## Available data

━━━━━━━━━━━━━━━━━━━━

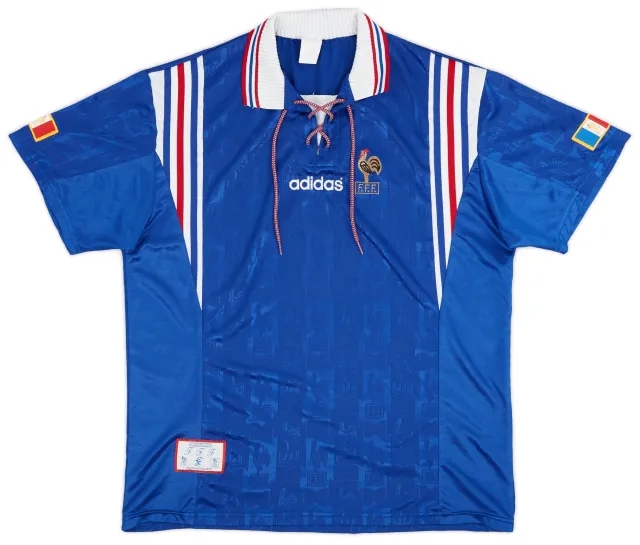 adidas 1996-98 France Home Shirt - 9/10 - (L/XL)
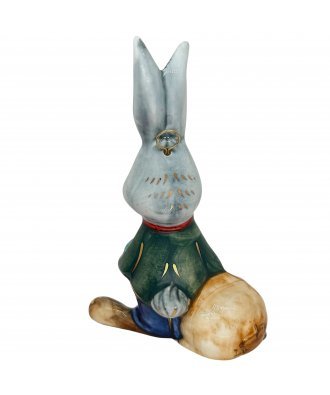 Ёлочная игрушка "Заяц с мешком" (Лефортовский фарфор)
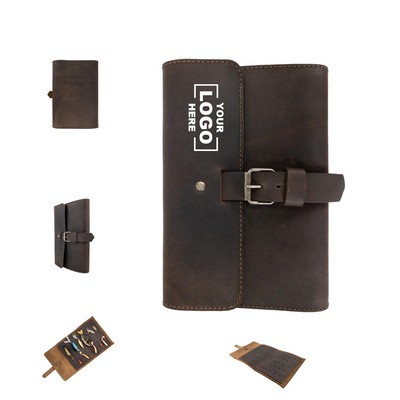 Leather Fishing Hook Storage Bag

━━━━━━━━━━━━━━━━━━━━

## Prompt
The expected output is the whole listing, word for word, minus its pictures.

## Result of this exercise
 adidas 1996-98 France Home Shirt - 9/10 - (L/XL)
 Ёлочная игрушка "Заяц с мешком" (Лефортовский фарфор)
 Leather Fishing Hook Storage Bag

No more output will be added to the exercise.